Christophe stared at the barren fireplace, his boot thrust against the fender, his fist under his chin. And Marcel looked at the smooth brown skin of his face, his hands, the glittering and narrow eyes that were averted, shutting Marcel out and slightly maddening him. He had that same mounting feeling of the night before; if I touch you this ache in me, this misery, will be gone, and we'll be together in some new dimension of love; you'll be there with me if I'm afraid. He drew in his breath. But this had no immediate physical figment for him, which made it all the more alluring and strange.

"They may want a father, a mother, whatever you say," Christophe said. "But the need is not the same. It's the intensity that breaks the heart, the feeling of being lost in a world of fragmented dreams and aspirations without guidance, without some strong hand that can lead you to a maturity where you will feel self-reliant at last. I don't think you can really love anyone, Marcel, until you have that self-reliance, until the need is diminished. And I tell you right now that need in you is desperate. You laid your heart bare to that old cabinet-maker, Jean Jacques, and it was pure and unmingled with desire just as it was the first night I came home. You said to me from your soul, 'be my teacher, be my father, help me to become someone who is valuable, someone who is good...'"

Marcel let out a small desperate sound and motioned for Christophe to stop.

"But you see," Christophe continued, "now you are confusing that need with something else. You're confusing it with a physical love with which it doesn't belong. And that combination, Marcel, that need and that love, it would be the most appalling, the most dangerous mistake."

"It was a mistake between you and the Englishman?" Marcel demanded.

"Oh, was it ever!" Christophe whispered. "But I don't know what would have happened to me if I hadn't gone off with Michael. I wasn't as strong as you are, Marcel. All we had in common as boys was that terrible need.

"And Michael filled that need. He was father, lover, teacher, all blown into one magnificent figure that overpowered me and held me just like this in its hand.
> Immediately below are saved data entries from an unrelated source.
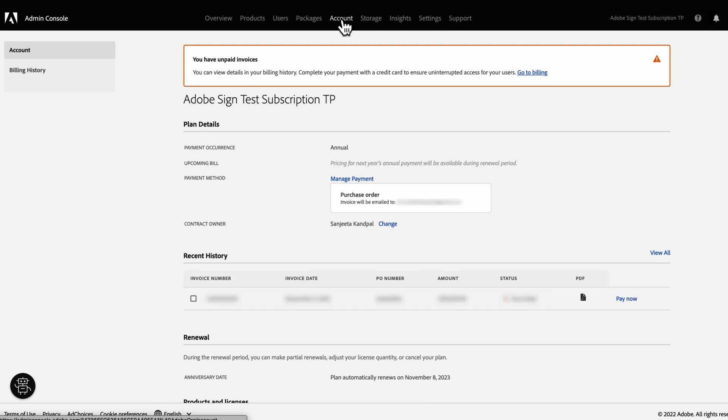The Accounts tab is mainly used for updating credit card details, updating VAT details for EMEA region accounts, changing contract owner, and downloading invoices.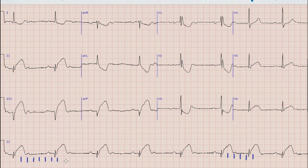The heart rate is about 55 at the beginning of this rhythm strip while it is around 65 at the end of the strip. This means that there is some abnormality causing this change in heart rate.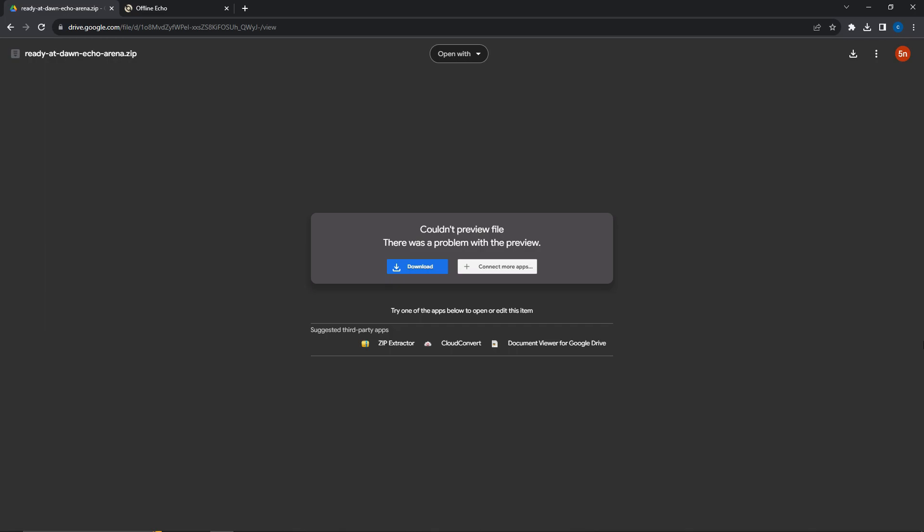You'll need a copy of the second most recent Echo version. You can download it at the first link in the description or alternatively get a copy through Oculus Downgrader, which I'll link a guide to.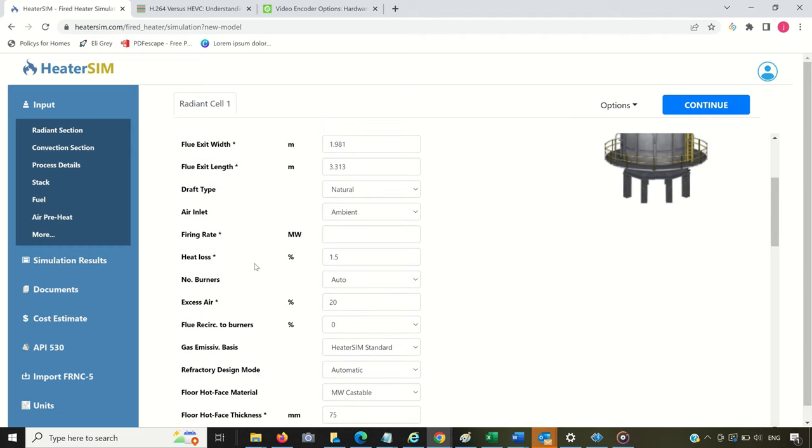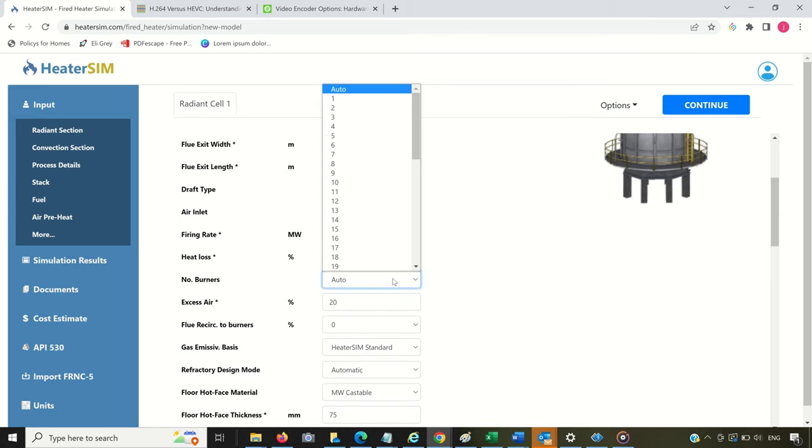You'll see the field where to specify the number of burners. The values specified here will be applied to this Radiance section only.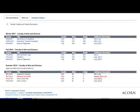At the top of each completed session, you'll see your GPA and academic standing if these have been determined. For this student, courses are listed for the winter 2017 to summer 2016.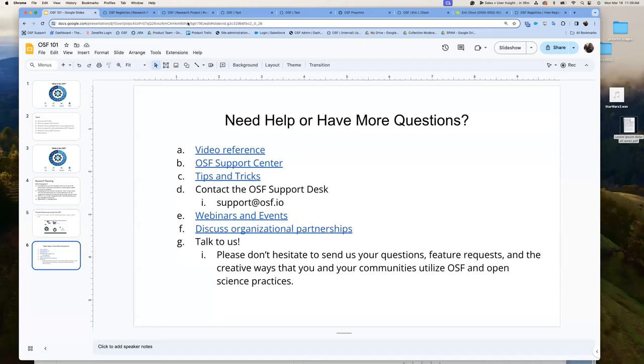We have a few minutes for questions. One question: what is the difference between a registration and a preprint? A pre-registration is essentially a plan of what you intend to do — it happens before a study even begins. A preprint is essentially a manuscript right before you are published — so it's after your study is completed. They're kind of like two sides of the same coin: it's just whether it was before the study or after the study.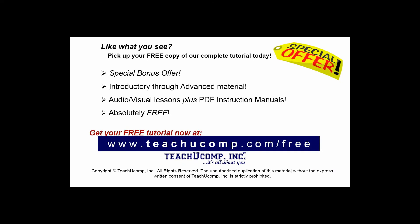Like what you see? Pick up your free copy of the complete tutorial at www.teachucomp.com/free.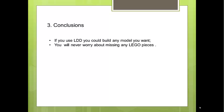3. Conclusion. If you use LDD, you could build any model you want. You will never worry about missing any LEGO pieces.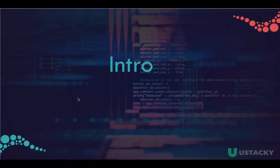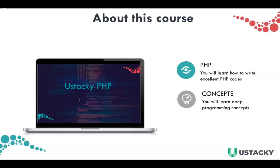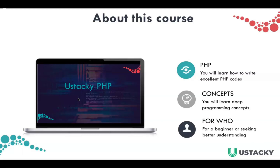Before we dive into the lessons, I would like to tell you something that is very unique about this course. In this course, you will not only learn how to write excellent PHP code, you will also have a deep understanding of programming concepts. These concepts can be applied to any other programming language. This course is meant for an absolute beginner or anyone who wants to increase their understanding of programming concepts.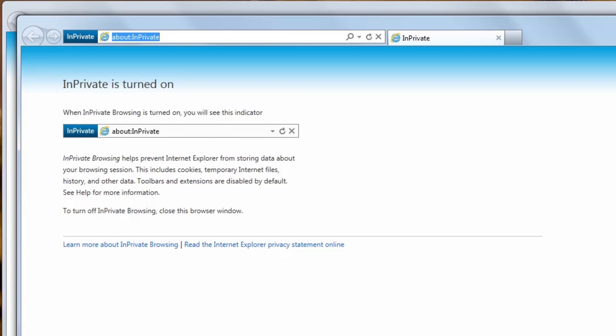This was just an example of browsing history not being remembered, but it keeps all other information private as well. You should now have a good understanding of what In-Private Browsing is, and how to use it to browse the Internet while keeping your session information private. Thank you for listening.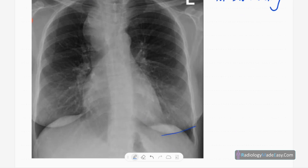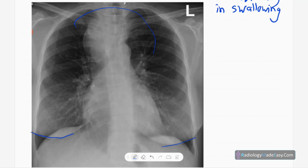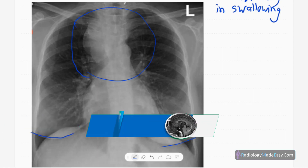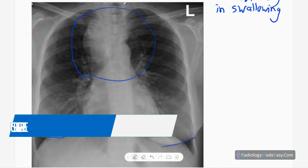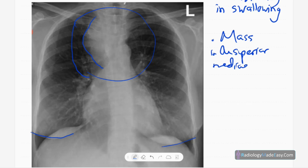You can see the abnormality — there is superior mediastinal widening due to a mass. The mass is mainly located in the right paratracheal region. It has a well-defined lateral margin, while the medial margins merge with the superior mediastinum. The mass has soft tissue density and there are no air bronchograms, air-fluid levels, calcifications, or cavitations.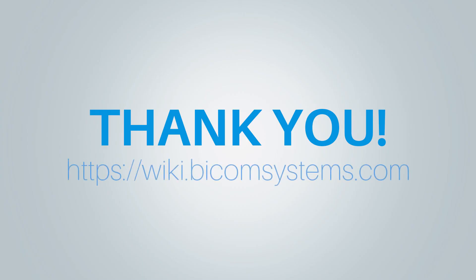If you need more help, be sure to visit Bicom Systems' wiki page.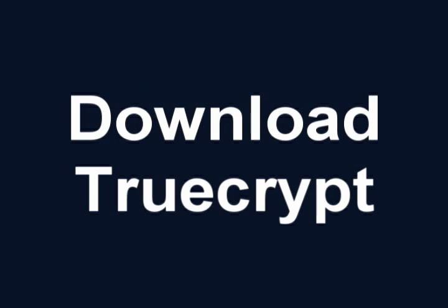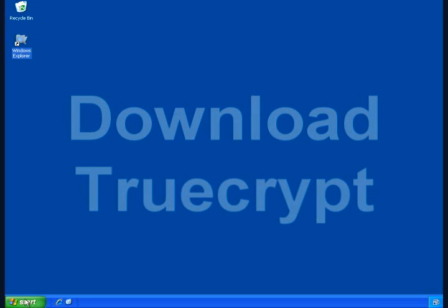Hi, my name is Alan and I will be demonstrating how to download, install, set up and use TrueCrypt.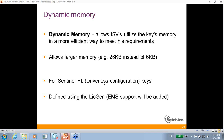By configuring keys as driverless, you get all the benefits and new features already implemented, as well as those to be implemented in the future — one of which is dynamic memory. Currently with LDK 7.1, the ability to define memory division can be done only via the LicGen API, and not through the EMS. EMS support will be added in the future.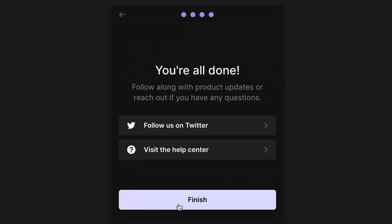That's it — you've created your first wallet. Click on Finish and you'll always have Phantom at your fingertips by clicking on the extension above.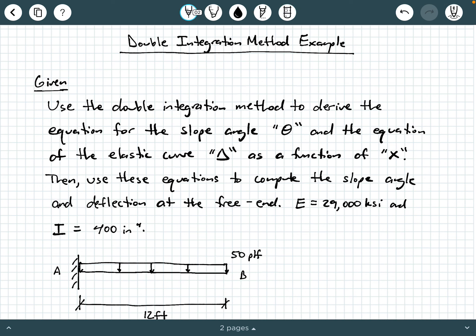Hey everybody, Dr. A here, and in this video we are going to be exploring an example of using the double integration method to calculate the deformations related to a beam.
Oh, the world was born the day I left Paris with Michael, everything had meaning when Michael explained it, it was beautiful if Michael said it was beautiful, and as long as Michael was with me, anything, absolutely anything at all, could have been endured.

"But don't you see, his hold became so tight I was strangling! That's why I left Paris, surely you know that now. I was engulfed by him, I couldn't breathe. So I crossed the sea to break the hold. I went back to the only other person who had a grip on me and thought, well, at least that's a step towards freedom, and Maman for all the grubby power she's got over my soul has never wielded it with any conviction or any purpose whatsoever.

"But you know what happened. He came after me before I could break his hold, and he died here because of me. And he took half of me with him to the grave. I'll never be free of him, and the life I live now is an imitation of the life I dreamed of, nothing more.

"Now you must listen to me. You feel the same need that I felt. In your own way you are equally lost. You love your father, no, don't say you don't. I know you do, you've always been more or less in love with him and the whole idea of him, that powerful planter strewing your path with gold. But what you loathed was that he did not love you at all. And when that need in you went unsatisfied, you turned to others, to old Jean Jacques and then to me. I knew in every word you ever told me about that old cabinetmaker what it was you wanted. People always tell us what they want. I understood when you finally confessed to me that you'd jumped the cemetery wall that night to visit his grave. I understood it much better than you did. Just as I know now I cannot do to you what Michael did to me.

"I am facing the same moment that Michael faced in Paris. And this decision will not be Michael's decision. It will be my own.

"But what I'm going to tell you now is the hardest lesson of all. This need of which I've spoken all along, this need must never really be fulfilled. To be a man you are going to have to forget it, you are going to have to learn to live with the knowledge that the child in you has come to maturity without ever knowing that protective love.

"Someday, someday you may have a lover, someone you love above anyone else in the world, and that could be a man. It doesn't much matter, not so much as people suppose. And there's always been something exquisitely discerning in you, something quite apart from the prejudices of the world. I do believe you when you say you came to me last night with your heart. But whether it be a man or a woman, you can only love that person fully and trust that person fully when you no longer have that need."

He paused, the pupils of his eyes dancing, his fist curled under his chin. "Men and men, women and women," he said staring at the fireplace. "I've known the best brothels this world has to offer, and the best brothel boys from Istanbul to Tangier. I suppose I could make you overcome any antipathy with a skill the like of which you can't conceive. But mix a child's need and a man's desire, I will not do it. I've made my decision and the answer is now and forever simply no."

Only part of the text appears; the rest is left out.